* _What this task involves_:
Reading the records below, how many lines contain "Vintage"? Respond with a number and nothing else.

* _Supplied records_:
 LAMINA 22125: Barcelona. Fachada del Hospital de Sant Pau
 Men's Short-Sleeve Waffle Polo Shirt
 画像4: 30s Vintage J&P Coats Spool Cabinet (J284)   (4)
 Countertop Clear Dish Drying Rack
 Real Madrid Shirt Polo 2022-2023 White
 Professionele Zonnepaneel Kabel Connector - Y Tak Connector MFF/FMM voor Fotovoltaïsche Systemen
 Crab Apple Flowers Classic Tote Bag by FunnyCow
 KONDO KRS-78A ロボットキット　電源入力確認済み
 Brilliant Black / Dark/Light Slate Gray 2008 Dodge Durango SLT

---

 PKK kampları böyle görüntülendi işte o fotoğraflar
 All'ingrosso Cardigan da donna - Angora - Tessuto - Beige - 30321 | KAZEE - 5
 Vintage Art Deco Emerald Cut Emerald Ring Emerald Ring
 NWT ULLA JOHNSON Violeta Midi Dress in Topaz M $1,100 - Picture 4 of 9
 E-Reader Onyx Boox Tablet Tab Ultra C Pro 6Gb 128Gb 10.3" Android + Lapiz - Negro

...

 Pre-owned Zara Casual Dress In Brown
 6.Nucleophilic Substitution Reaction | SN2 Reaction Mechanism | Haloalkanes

* _Answer to the problem_:
2